Ceratosuchus

“Horns” seem to have convergently evolved multiple times in crocodiles over the last few million years, including in a couple of living species. These triangular crests are formed from the squamosal bone, just above their ears, and tend to be a sexually dimorphic feature used in territorial displays between males, serving to make them look bigger when they arch their necks.

But there’s another horned crocodilian known from much earlier in the Cenozoic – and this one was an alligator!

Ceratosuchus burdoshi lived in Colorado and Wyoming in the western United States during the late Paleocene and early Eocene, about 57-56 million years ago. It was a fairly small alligator, around 1.7m long (5’6″), with a broad snout featuring sharp teeth at the front and blunter teeth further back – an arrangement that suggests it was a generalist predator eating a variety of small prey, using those teeth to first grab and then crush whatever it managed to catch.

It also had large blade-like osteoderm armor on the back of its neck, which may have been arranged in line with its “horns” to make its visual displays look even spikier.

Voay

Did you know some crocodiles have “horns”?

Formed from the corners of the squamosal bone at the back of their skulls, just above their ears, these structures are seen in living crocs like the Cuban crocodile and the Siamese crocodile, as well as some fossil species.

But perhaps the most impressively-horned croc was Voay robustus here.

Voay lived on the island of Madagascar during the Late Pleistocene and Holocene, between about 100,000 and 2,000 years ago.

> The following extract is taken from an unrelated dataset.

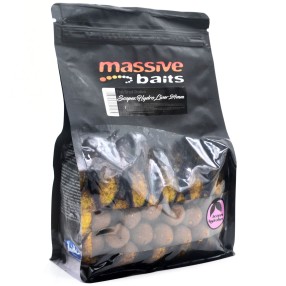 Kulki Zanętowe Massive Baits Top Shelf Scopex Hydro Liver 24mm 1kg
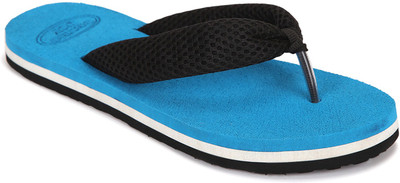 ORTHO JOY Men Extra Soft Women's Orthopaedic and Diabetic Comfort Fit Slippers - Sky Blue - 08 Slippers(Blue , 8)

At about 5m long (16′5″) it was similar in size and build to a large male Nile crocodile – but despite this resemblance its closest living relative is actually the much smaller dwarf crocodile.

It had a fairly short and deep snout and chunky limbs, adaptations associated with a more terrestrial lifestyle that suggest it was specialized for hunting its prey on land rather than just at the water’s edge.

Much like modern horned crocodiles its particularly prominent horns were probably used for territorial displays, and may have been a sexually dimorphic feature with big mature males having the largest examples.

Voay’s disappearance just a couple of thousand years ago may have been the result of the arrival of human settlers on the island, either from being directly hunted or due to the large native species it preyed on also going extinct around the same time.